En junio del 39, los republicanos presos volvieron a Guadalajara. Seguían siendo cincuenta. En opinión de Aparicio, “la vuelta a la ciudad tuvo algo de mostrar las fieras en la jaula y fue al mismo tiempo un episodio de exhibición del poder absoluto”. Fue una advertencia a la población. Una manera de amedrentar y de inculcar el miedo. “Nunca pensé que se me guardaría tanto odio en mi ciudad. (…) Lo que decía el Auditor de Guerra me lo han dicho por la calle: criminal, criminal, criminal”. El autor del libro pone estas palabras en voz de Marcelino Martín. No se sabe si las pronunció realmente, pero bien podría haberlo hecho por las circunstancias que tuvo que sufrir. Hubo linchamiento para dejar claro lo que le pasaría a cualquiera que osara significarse en contra del “nuevo régimen”. Los sublevados hicieron una burla canalla: acusaron de rebeldes a aquellos hombres en que los ciudadanos habían depositado la soberanía popular. Un hachazo a la libertad. Los vencedores utilizaron el salón de plenos de la Diputación como Tribunal para los perdedores. Marcelino Martín fue sometido a Consejo de Guerra y condenado a muerte el 21 de diciembre de 1939. Facundo Abad corre la misma desgracia el 8 de febrero de 1940. La agonía en la prisión de la calle del Amparo fue penosa. Pero repleta de dignidad. En aquellas noches, cuenta Aparicio que Abad soñaba con el pan y Martín con sus clases.

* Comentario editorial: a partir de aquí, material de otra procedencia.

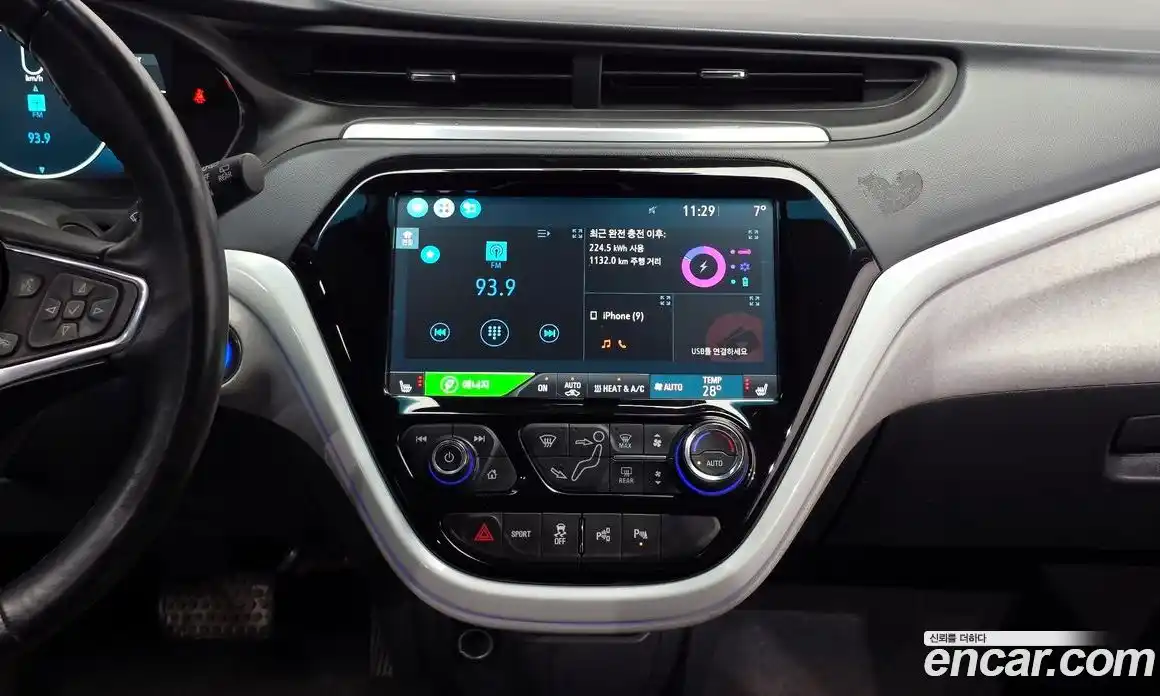 Chevrolet Bolt EV 2017 0.2 гидро, фото 14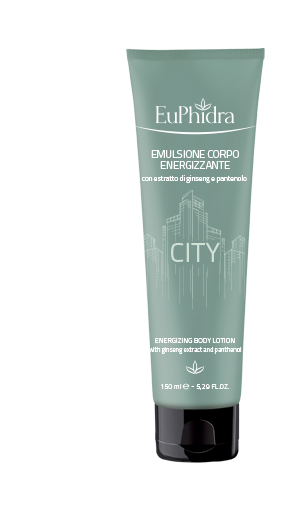 EUPHIDRA EMULSIONE CORPO CITY 150ML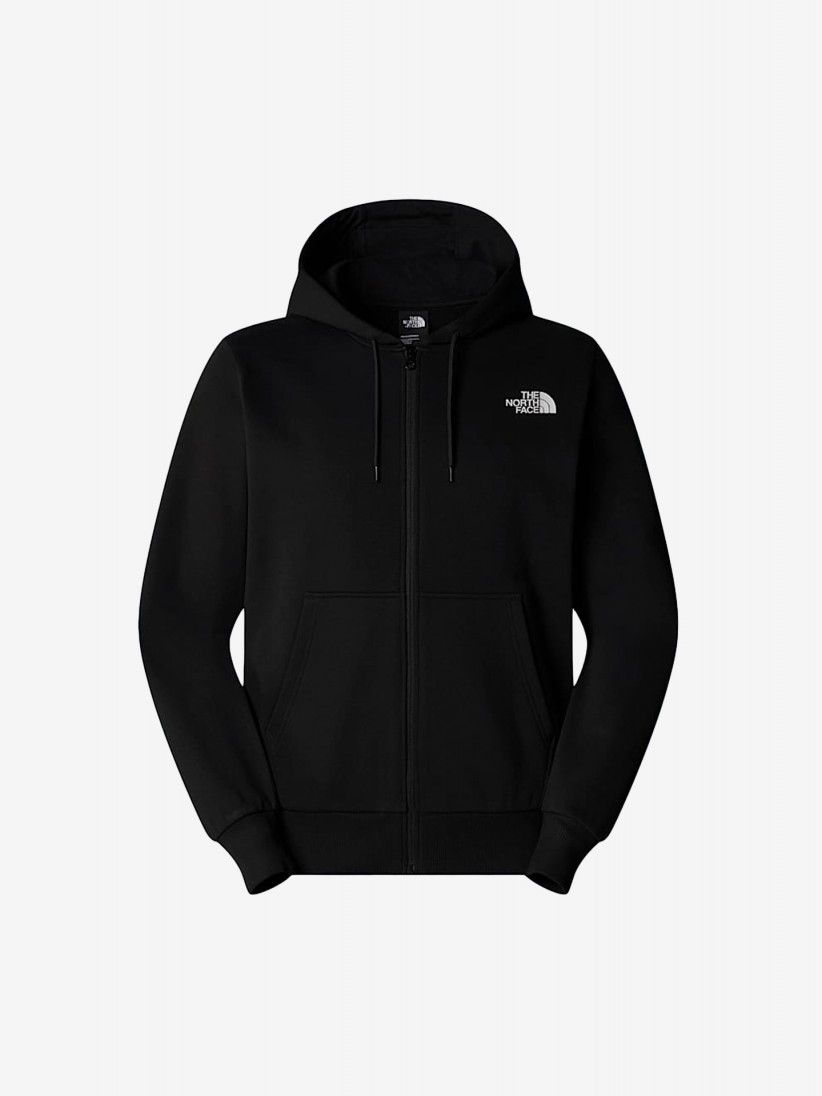 Chaqueta con Capucha The North Face Simple Dome Negra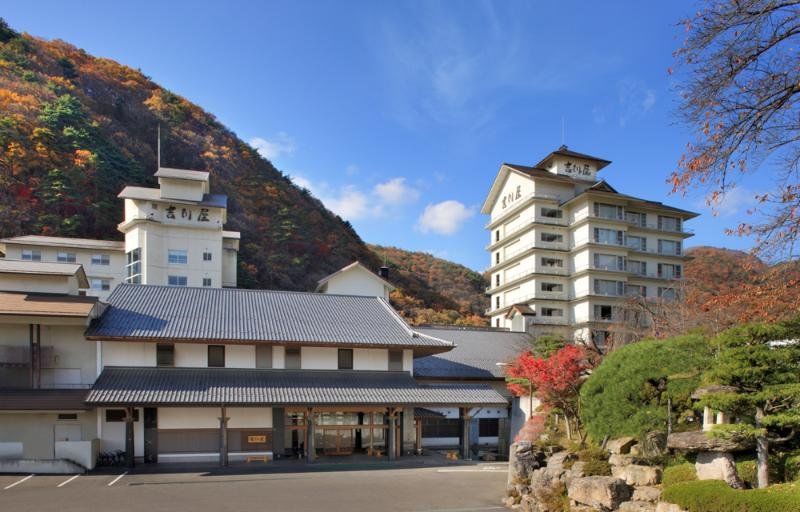Yoshikawaya Hotel Fukushima  Eksteriør billede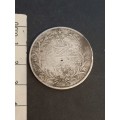 1909 - 1914 Egypt 10 Qirsh 0.833 silver.14grams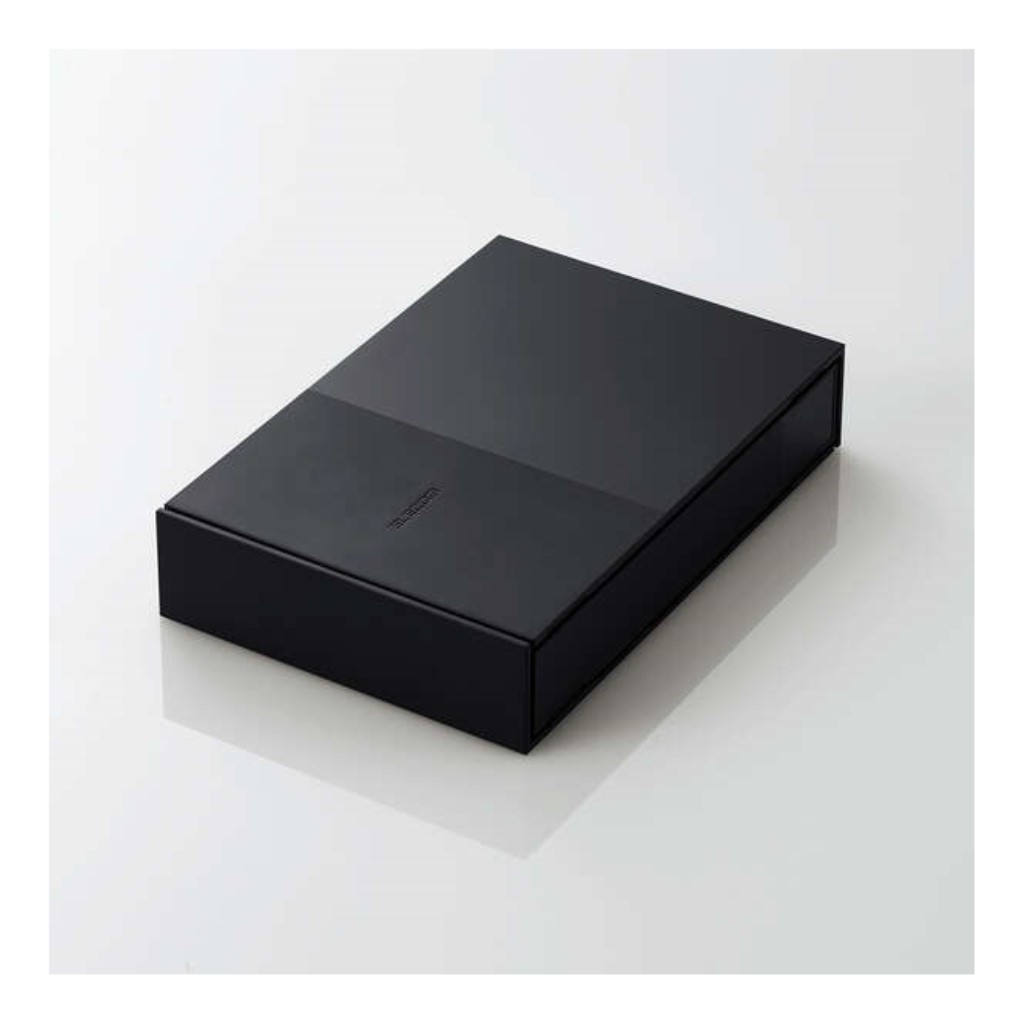 【新品/取寄品/代引不可】ELECOM Desktop Drive USB3.2(Gen1)6.0TB Black ELD-GTV060UBK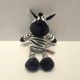 JSQ zebra plush toy comfort doll gift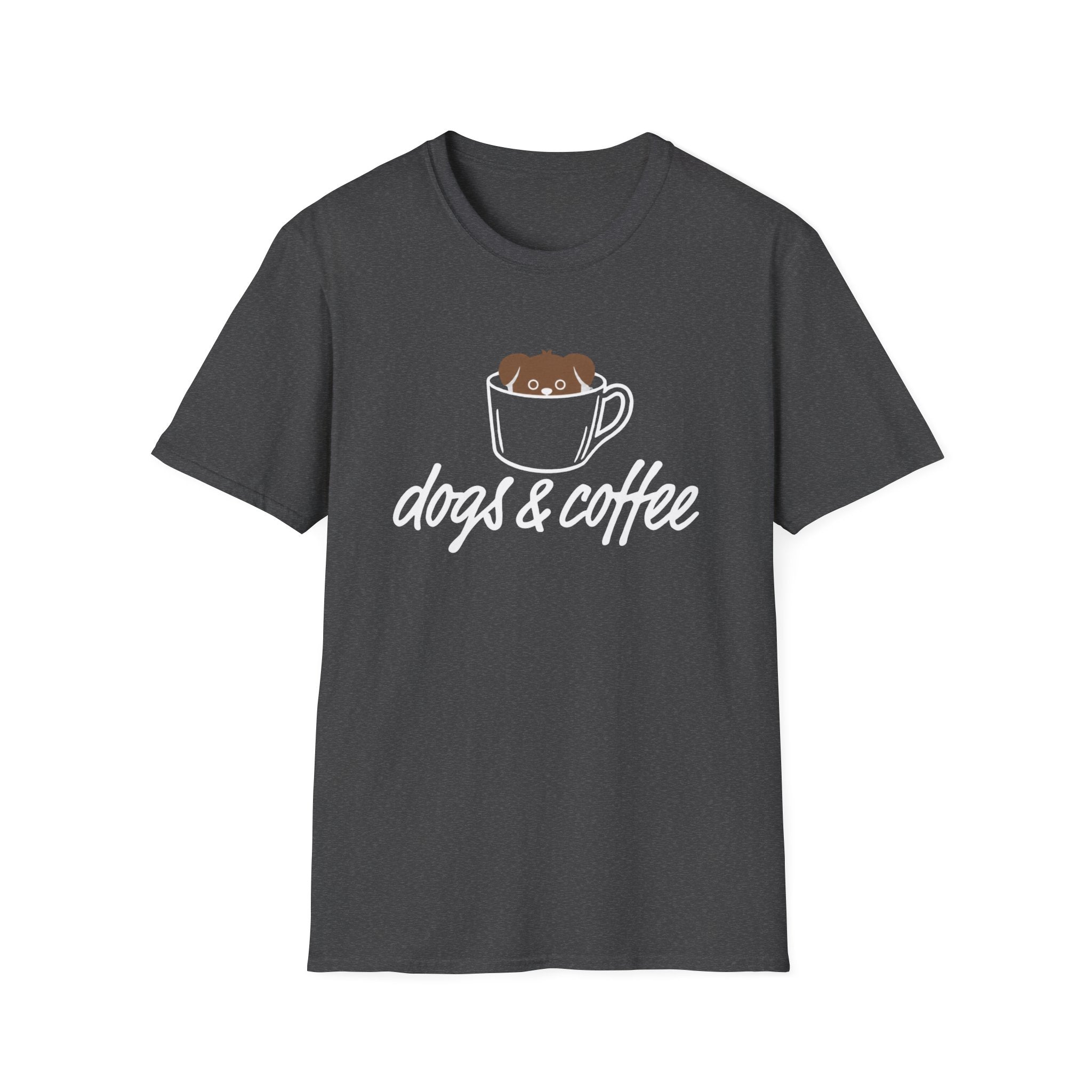Dogs & Coffee T-Shirt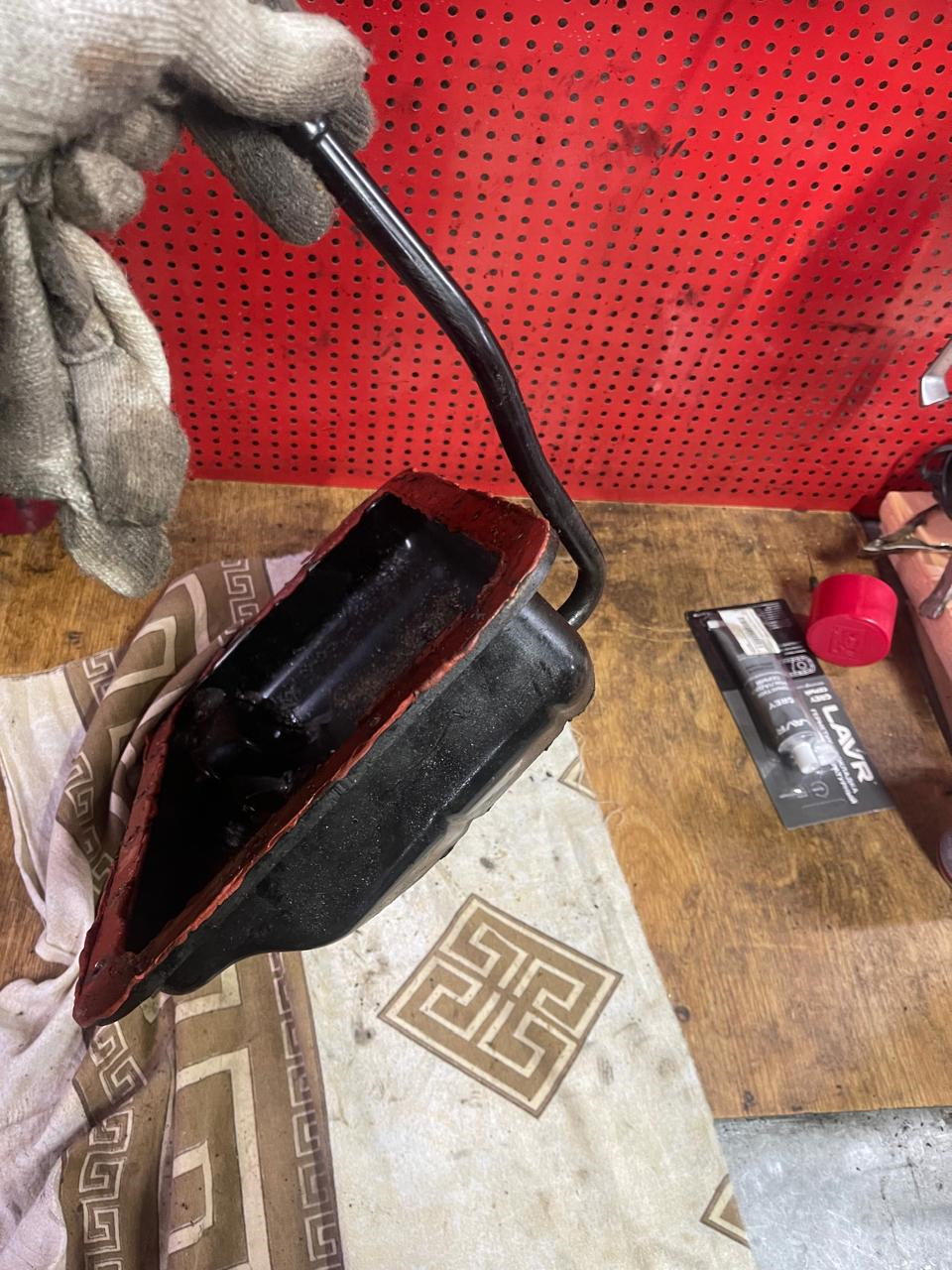 поддон АКПП — Mitsubishi Pajero (3G)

Los condenados a muerte son gente “que espera que alguien les despierte del insomnio en el que viven”, según Paulino. Ahora, setenta años después, sólo queda el recuerdo de aquellos días trágicos. De historias que durante cuatro décadas se silenciaron y que luego fueron ninguneadas. Aparicio piensa que la contienda fratricida “se analizará mejor cuando pasen más años y podamos hablar con la misma soltura como ahora lo hacemos de Fernando VII”. Sin embargo, en la introducción de su libro sostiene que “sólo existe una manera de pasar página en la historia de nuestra Guerra Civil; reconocer lo que ocurrió, y reconstruir la dignidad de los fusilados y excluidos, con un gesto que supone acariciar esa vieja cicatriz que, ni siquiera pudo mostrarse cuando era herida”. Diez días antes de cumplir su condena a muerte, Marcelino Martín escribió una carta de despedida a su mujer: “Querida Baldo e hijas, ya sabéis que mi pobreza es limpia y que nunca me quedé con nada, esa verdad es la que quiero que quede en vuestra conciencia. Sois vosotras lo que más he querido en este mundo, y lo único que os pido es que si caigo, no guardéis rencor ni odio. El odio y el rencor encanallan las almas”.